Ce type avait travaillé avec Paul, mais cela nous revenait cher, et il n’avait rien trouvé. L’ennui, c’est qu’il y avait des journées entières où mon mari ne disait plus rien. A Aix aussi, j’étais allée voir un spécialiste des troubles comportementaux, complexes, phobies, repli sur soi-même. On m’avait prévenu que ce praticien usait de toute la panoplie des méthodes, pourvu qu’elles fussent parallèles à la médicamenteuse, laquelle n’avait rien donné. Bioénergie, gestalt-thérapie, litho-thérapie, thérapie cognitive et comportementale, psychodrame, thérapie analytique.
– Paul ne conduit plus, il se passe de tout. Il est devenu comme autiste, avec tout le respect que j’ai pour cette pathologie.
– A-t-il des problèmes de mémoire ?
– Je ne crois pas.
– On sait que la maladie d’Alzheimer peut toucher des personnes jeunes, hélas.
– A Tours, ils ont pensé à ça, m’empressai-je de souligner.

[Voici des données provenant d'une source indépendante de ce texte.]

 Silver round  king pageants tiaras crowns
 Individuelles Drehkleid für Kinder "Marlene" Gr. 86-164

– Ah, je vois… Et vous ? Vous me dites que votre regard a changé sur lui. Est-ce lui qui a vraiment changé, ou n’est-ce pas votre regard, à un moment où l’existence est plus difficile pour votre couple ?
C’était vrai. En arrivant, je lui avais parlé de ma lassitude. J’étais venue pour moi, cette fois. Cet individu ne soignait-il pas la dépression ?

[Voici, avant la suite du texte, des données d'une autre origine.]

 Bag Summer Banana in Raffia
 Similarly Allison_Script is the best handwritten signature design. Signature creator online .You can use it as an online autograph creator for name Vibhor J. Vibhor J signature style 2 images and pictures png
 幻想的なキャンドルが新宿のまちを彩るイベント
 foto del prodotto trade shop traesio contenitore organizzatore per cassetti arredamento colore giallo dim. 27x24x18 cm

– Nous pourrions essayer avec les pierres. Pour le calmer, se borna-t-il à dire. (Il m’avait regardé droit dans les yeux, compris que j’étais une délicate, sans doute un peu assommante avec mes masques de concombre et mon horreur d’un cheveu qui traine sur une veste.) Et vous aussi…

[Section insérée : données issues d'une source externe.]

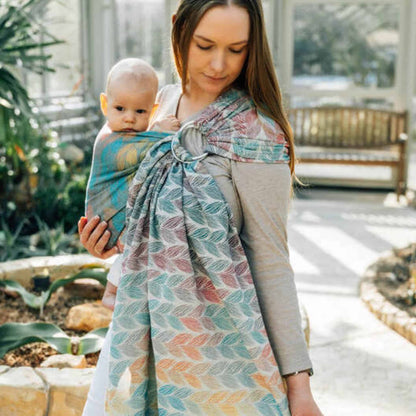 LennyLamb Jacquard Weave Tangled Plait Ring Sling 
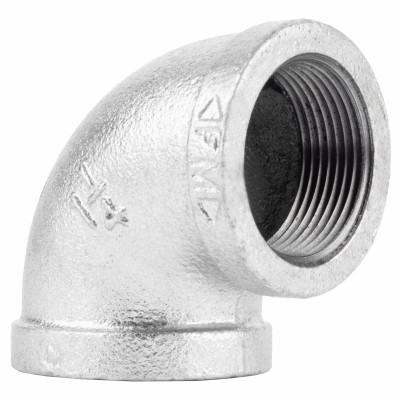 1-1/4 In. Galvanized Pipe 90 Degree Elbow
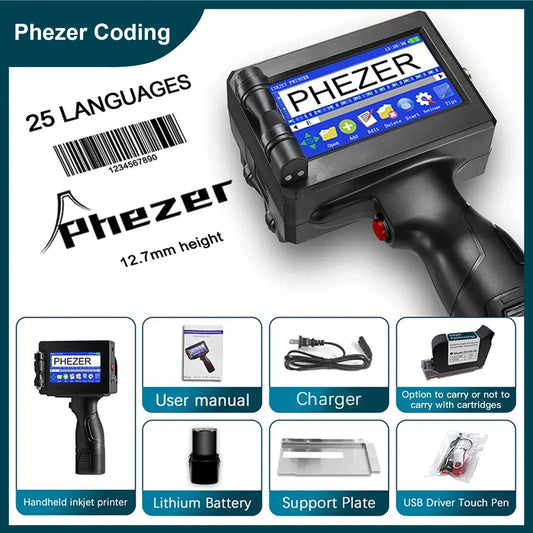 Phezer P15 12.7mm Label/QR/Batch Printer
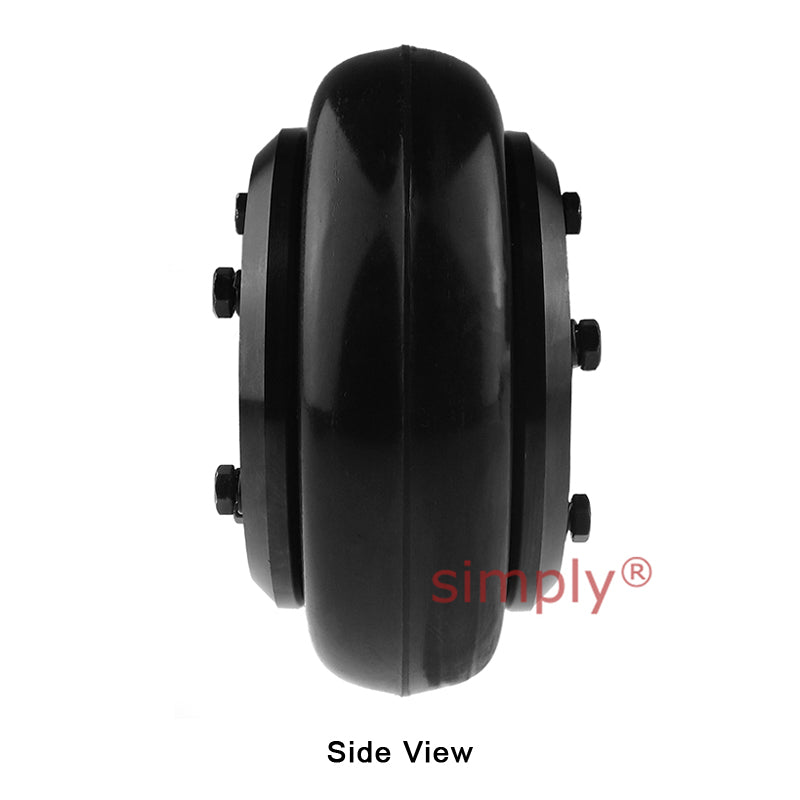 Major Brand F80F/F80F Inner Facing Taper Bores Type Tyre Drive Coupling Assembly with Natural Rubber Tyre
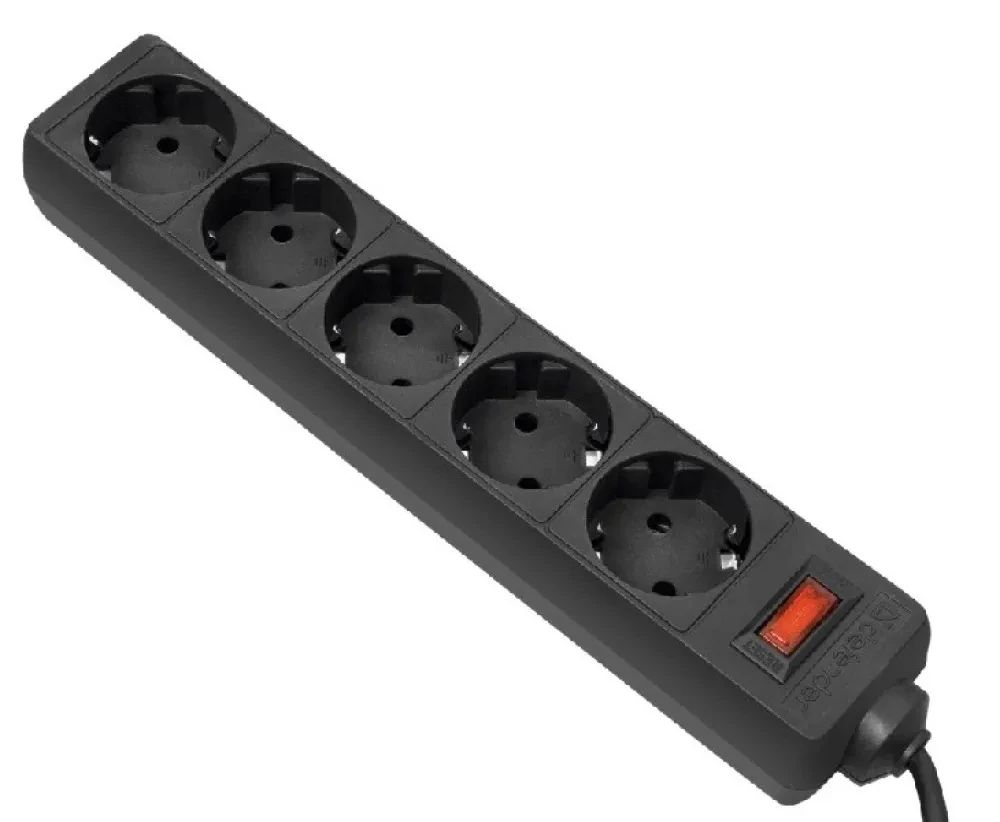 Prelungitor electric Ultra Power UP3-B-15PPB, 5 Prize, 4,5m, Negru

Ce fut à cette époque, quelques mois après notre installation dans le mas d’Aix, que la question d’avoir un enfant avec Paul commença à poindre dans mon esprit, et je m’en préoccupai beaucoup. Paul n’avait plus aucun appétit sexuel. Cela ne m’ennuyait que mollement, à vrai dire, - sauf, (et encore), si j’entendais autour de moi quelqu’un se vanter de ses propres frasques érotiques, comme si je manquais quelque chose de formidable, - mais le plus ennuyeux était la conséquence : devais-je commencer à essayer d’avoir un enfant ? Ne devais-je pas commencer tôt ? Et toutes les autres questions s’enchaînèrent d’un coup, comme lorsqu’on ouvre un placard et que tout vous dégringole sur la tête.
– J’ai des soucis. Je suis prêt de rompre. Il a changé, je vous assure. Je ne raconte pas de blagues. Nicolas est d’accord avec moi.
Je rougis et ne peux masquer mon trouble.
– Nicolas ?
Je suis muette, mortifiée, transie.
– C’est un ami...
– Vous devez tout me dire. C’est le principe. Vous trompez votre compagnon ?
– Oui.
– Avec ce Nicolas ?
– Oui. Mais il m’a trompé lui aussi.
Le psychothérapeute claque sa langue.
– Vous le décrivez comme ayant des troubles mentaux, tout en menant vous-même une autre vie charnelle, me fait-il remarquer. Hé bien, ne vous inquiétez pas. Ceci n’est que normal. Vous trompez votre mari, et donc vous ne le quittez pas. Au contraire, vous en faites beaucoup pour lui. Donc, vous dîtes qu’il change ?
– Physiquement aussi, me suis-je empressé de prononcer, n’aimant pas ni cet échange, ni cet homme. Enfin quelque chose a changé dans son visage. J’ai regardé des photos. Un moment, je pensais qu’il rajeunissait, mais non, finalement.
Le type me coupe et récite, tout en ouvrant les bras puis en frappant ses paumes, avec un air désagréable et narquois, un ton sentencieux :
– Ah, il a forci, son visage s’est épaissi, ses mâchoires et ses épaules se sont élargies. C’est que tout simplement tout le monde vieillit, madame, et votre mari aussi. On perd quelques centimètres en se tassant avec l’âge, vous le savez. Plus tard, le visage se creuse... Et tout le monde regarde les photos, madame Artz.